Eric Arthur Blair naît en 1903 à Motihari, ancienne Présidence du Bengale, actuel Bihar, dans une famille de la bourgeoisie anglaise, influente dans l'administration des Indes. Celui qui allait devenir l'un des écrivains majeurs de son siècle grâce à son roman «
1984 » passe ses diplômes à Eton et devient membre de la police impériale Birmane. Par quel processus Eric Arthur Blair est-il devenu
George Orwell?
C'est à cette question, et au concept charnière autour duquel se changement s'articule, que
Bruce Bégout, le philosophe et écrivain français consacre son essai « de la décence ordinaire« .
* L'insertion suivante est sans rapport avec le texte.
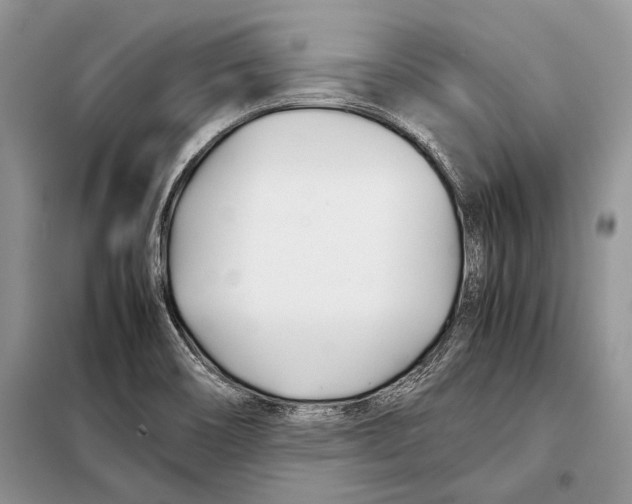 X0000098081466200805021010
Il narre ainsi l'évolution du jeune homme au service de l'empire: « Voulant en quelque sorte se racheter du fait d'avoir appartenu aux deux plus hautes institutions de l'Empire britannique (la Public School et l'armée coloniale) qui représentent une autorité qu'il a toujours rejetée, il adopte une stratégie d'abaissement social. Il désire partager, de manière expiatoire, le sort de tous les êtres inférieurs et déchus: les coolies birmans, les trimards, les chômeurs, etc. ».
Mais
George Orwell réalise vite la portée vaine de ce processus d'auto-avilissement en ce qu'il ne pousse qu'à la haine de soi. Croyant expier ses erreurs dans son rabaissement au près des classes les plus opprimées, il découvre tout autre chose, la « common décency« , ou « décence ordinaire« .
Bruce Bégout résume: « La découverte fondamentale d' Orwell est que la décence ordinaire est le revers de l'apparente indécence publique. ».
Orwell exprime donc l'idée que par delà l'éducation, la morale publique ou la culture, il existerait une décence naturelle à l'homme, que l'on contacterait plus aisément dans les classes moins « contaminées » par l'indécence du pouvoir, de la civilisation et de l'argent: « c'est dire que la vie simple est la condition d'exercice immédiate de la simple faculté du sens moral qui, sans cette mise en pratique quotidienne, demeurerait une potentialité vide ». Sans être fondamentalement innée, cette faculté nécessite un bon environnement social. Non pas que l'homme naisse bon, à la manière rousseauiste, mais son sens du vivre ensemble ne peut correctement se développer que dans un environnement qui le rend possible.
Sans pour autant créer la figure utopiste du « bon pauvre », qui aurait en lui les capacités d'un homme juste, dans une conception manichéenne de l'humanité, Orwell suggère que cettecommon decency existe, et ne peut plus se développer dans l'indécence publique que nous connaissons, elle y est au contraire inhibée complètement. Cette faculté est donc commune chez chacun, « la vie ordinaire est le dernier refuge de l'universel ».
La décence ne se confond pas avec la dignité, qui fait appel à une conception rationnelle et supérieure de l'homme. Au contraire la décence n'est que sa tendance à être bon et juste, « elle n'est pas un droit ni ne fonde le droit, mais elle est pré-institutionnelle et, comme telle, ne peut jamais s'exprimer dans un cadre juridique ». C'est finalement un élan de confiance en l'homme, en ce qu'il peut être considéré en dehors du carcan des lois et du droit.
On s'étonnera de cette confiance, de la part d'un auteur qui dépeignait une vision de l'avenir de l'homme aussi noire dans un roman comme «
1984″. C'est la confiance socialiste d'Orwell, que la majorité silencieuse des hommes opprimés prennent un jour la responsabilité de leur avenir, et construisent enfin la révolution des hommes ordinaires.